> **REQUIRED ACTION**
What you return must be an exact copy of the lines in the listing below between the line holding "Minimalist Band Ring" and the line holding "Corfu 4-Piece Patio Seating Set - Graphite", inclusive, and nothing more.

[[ DATA FOR PROCESSING, beginning ]]

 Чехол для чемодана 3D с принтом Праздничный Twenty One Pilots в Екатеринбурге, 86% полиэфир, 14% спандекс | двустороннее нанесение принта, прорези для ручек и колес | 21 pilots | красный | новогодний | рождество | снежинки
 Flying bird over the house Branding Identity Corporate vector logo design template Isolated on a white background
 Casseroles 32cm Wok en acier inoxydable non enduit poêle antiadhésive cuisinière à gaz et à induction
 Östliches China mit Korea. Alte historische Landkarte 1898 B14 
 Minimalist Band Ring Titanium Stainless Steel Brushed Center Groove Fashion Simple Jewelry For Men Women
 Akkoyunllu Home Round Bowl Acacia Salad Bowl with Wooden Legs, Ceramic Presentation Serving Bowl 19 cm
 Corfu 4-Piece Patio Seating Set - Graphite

[[ DATA FOR PROCESSING, end ]]
[[ DATA FOR PROCESSING, beginning ]]

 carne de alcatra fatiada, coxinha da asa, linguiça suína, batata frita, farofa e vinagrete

[[ DATA FOR PROCESSING, end ]]

> **WRITTEN ANSWER**
 Minimalist Band Ring Titanium Stainless Steel Brushed Center Groove Fashion Simple Jewelry For Men Women
 Akkoyunllu Home Round Bowl Acacia Salad Bowl with Wooden Legs, Ceramic Presentation Serving Bowl 19 cm
 Corfu 4-Piece Patio Seating Set - Graphite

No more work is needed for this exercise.